The sudden realisation that I’ve been in the UK almost as long as the time I was in Vietnam woke up something in me. I’ve already been 5 years out of my work visa and had my British passport for 4 years. I’ve done significant work on myself, my career, and my life. I’ve come so far from where I came from. The narrative of a struggling international student or immigrant worker doesn’t apply anymore. Even the identity of being an immigrant in the UK doesn’t seem to factor that much in my day-to-day because of the career and financial position I’m in. What still matters regardless of my immigration status and length in the UK is being a woman of colour, but it currently only matters in the context of being in corporate. Outside in the world, I just feel like… a person living in London with two passports. And now I’m asking myself… who am I? What do I want to do now when I can do anything?
In the past year, I’ve leaned into the Director in Financial Services label, putting the identity of a rising career woman front and centre. It’s easy to categorise, celebrate, and market. The title sounds senior enough, the pay crosses a certain mark, which helps remove this chip over my shoulder of feeling behind in my career. While, before this, I would have felt intimidated seeing the Director title, being on the job quickly confirmed I was at the right level and could do more. It’s done wonders for my sense of security and eligibility. I’m glad I got it. But, indeed, the goalpost always moves. After a year, having inhabited the identity long enough, having seen the reality of its trajectory, I realised I no longer cared about either title or moving up. I felt nothing when imagining announcing a promotion, a change in title or employer, or even a raise (It’s not like I could ever disclose how much.) But it would be terribly costly in every way, especially for a woman of colour like me.

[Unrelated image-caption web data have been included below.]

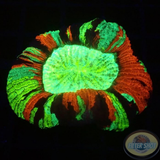 Trachyphyllia spp. „Sansibar“ WYSIWYG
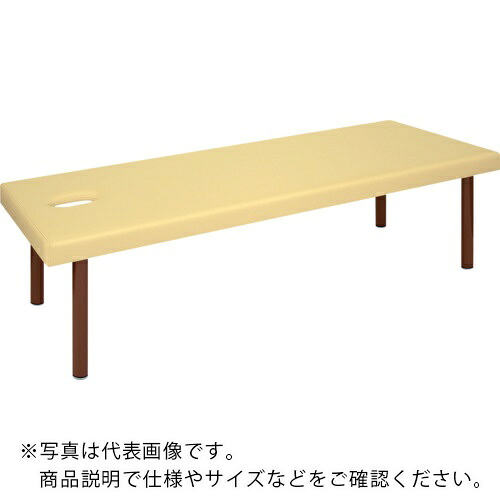 高田ベッド ( 高田ベッド製作所 ) 有孔DXボディベッド幅:65cm長さ:180cm高さ:50cm色:アイボリー ( TB-1211U-6518050-IV )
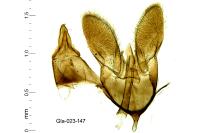 Deroxena venosulella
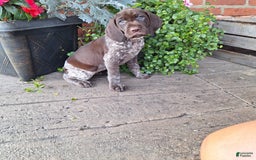German Shorthaired Pointer dogs for sale: Olivia - Image 1
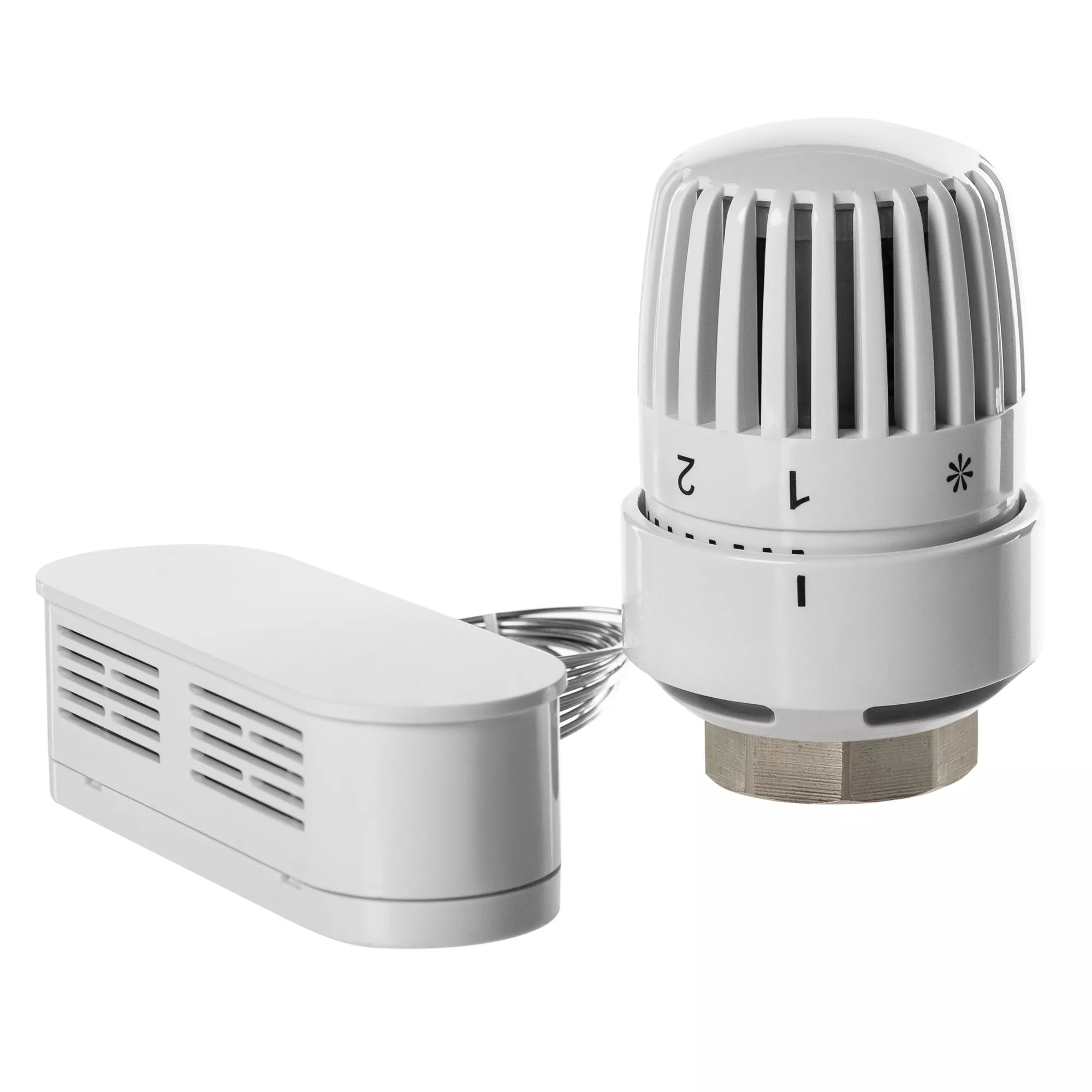 

Термоголовка жидкостная Royal Thermo BASIC с выносным датчиком М30х1,5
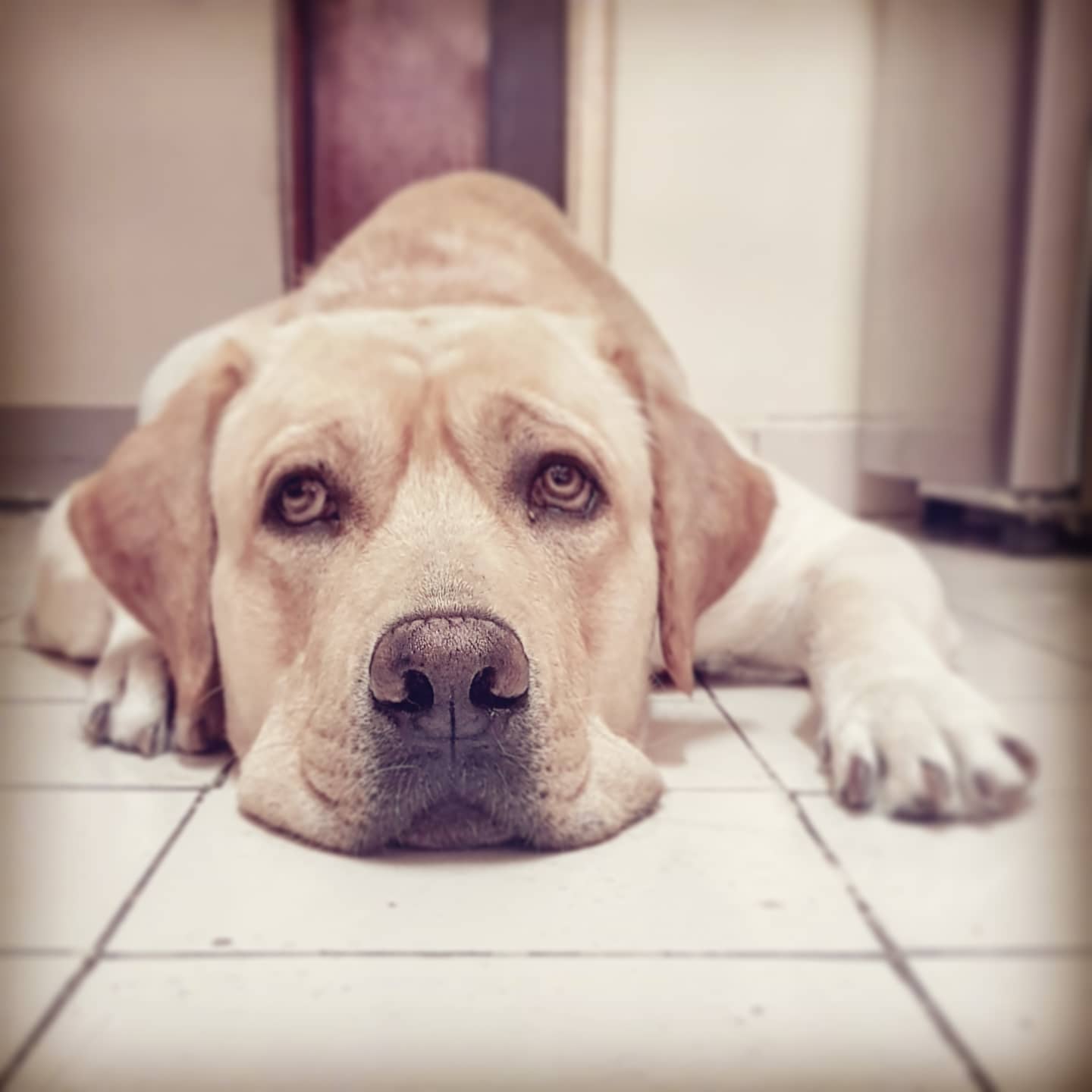 The dog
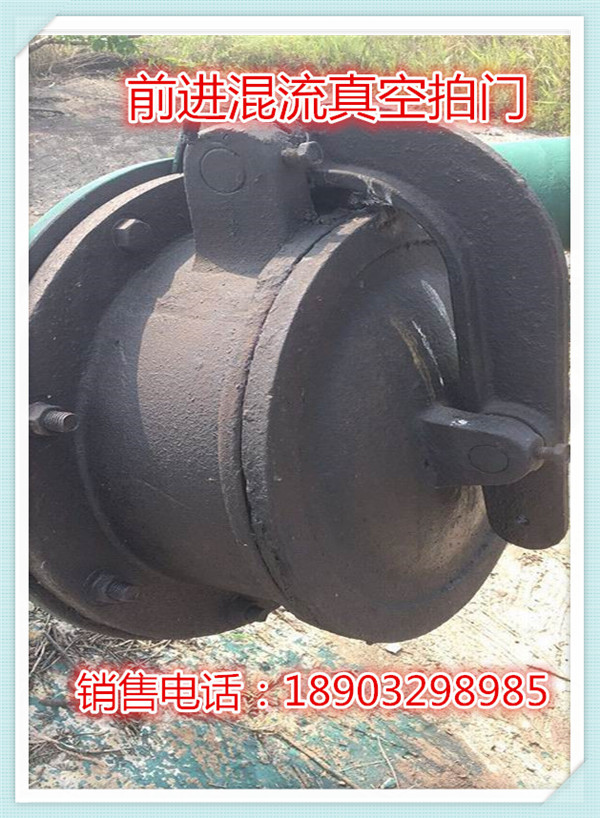 前進水工定制 前進水工定制DN60混流泵抽拍門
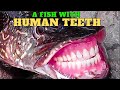 Toothy Marvels: The Fish with Human-Like Teeth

I’ve found myself drawn to a different kind of identity and vision: the owner. Not even founder or builder, not squeezing myself into someone else’s system, not being on a journey, but already there, owning, generating, scaling, harvesting, on my own terms. It doesn’t mean that I won’t found or build things, but I won’t romanticise the sacrifices that go with it, and I won’t do it mindlessly. I will use capital if I can. I will be more outcomes-focused, and they won’t be tied to my time and individual outputs but to processes and systems. It’s about working smarter, not harder, however cliché that sounds. It’s about not having to justify the means to an end. There’s no virtue for me in hard work in this new world. In the past, I would quit my corporate job and then quickly jump to either a contract or another corporate gig, trading time for money. Now I see further, and I won’t chase coins; I will use my time where it can generate the highest return in the long run. I will hold out for as long as I can.
After figuring out why I always extended myself so destructively in corporate despite having no constraints anymore, I’m now actively fighting against any form of work that requires struggling more than necessary or without a worthwhile end goal that I can see in sight. I’m not demanding myself to make money at all costs. I’m bored and tired of titles and labels. I’m not trying to prove anything to anyone anymore. This mindset has come from a place of well-being. In the past year, I’ve experienced a physical, and ultimately mental transformation through my fitness and inner work journey. I’ve learned to centre myself, my needs, my experience of life. I’ve gained tremendous confidence and sense of self. I do care about how I show up but only to an extent that doesn’t compromise my authenticity, and I call the current level enough.
One thing I have to stress is that I’ve never been healthier and fitter. It has significantly impacted my big decisions and way of living. When you can find genuine joy in being in your body and mind, savouring slow, ordinary days, it really puts things in perspective. You don’t need more, you don’t want to waste time, you operate from abundance, you can think and stand up for yourself, you feel enough. For the most part, I’m no longer “on a journey”. I’ve arrived, I’ve never been more alive and alert, and every day, every second counts. Turning 32 soon, there’s absolutely no damn way I’d be willingly doing things that require me to struggle, to shrink, to go through the motion, to suppress, to morph into something I don’t align with. I’m calm, but my fighting spirit is stronger than ever. The fire in me burns hot, but this time, not for others and definitely not to destroy me. It's lighting the path ahead.
And this path - It’s not about being a career woman, a 6-figure Director in financial services, a pampered wife to a successful husband, a thriving immigrant woman, a x-figure entrepreneur, and so on. None of them contains me. I’m a multidimensional, imperfect person who understands herself deeply and enjoys continuing to learn about herself, who grows from pain and exposure, who is self-honest, who has proudly secured resources and leverage through extensive internal and external work, and is deploying them to live a life that she feels true to and makes her her best.
All in all, change is coming. It’s like I’ve finally surfaced my head above water, shaken to tears by the sunrise in front of me, and feeling a sense of relief as the blue sky sets in. The outer world has to catch up to the inner self, but I know as long as I can see where I want to be, I can get there. A new era has really begun. How this will shape my world of work, my business, my way of earning money, of being a person in the world… I’m excited to find out.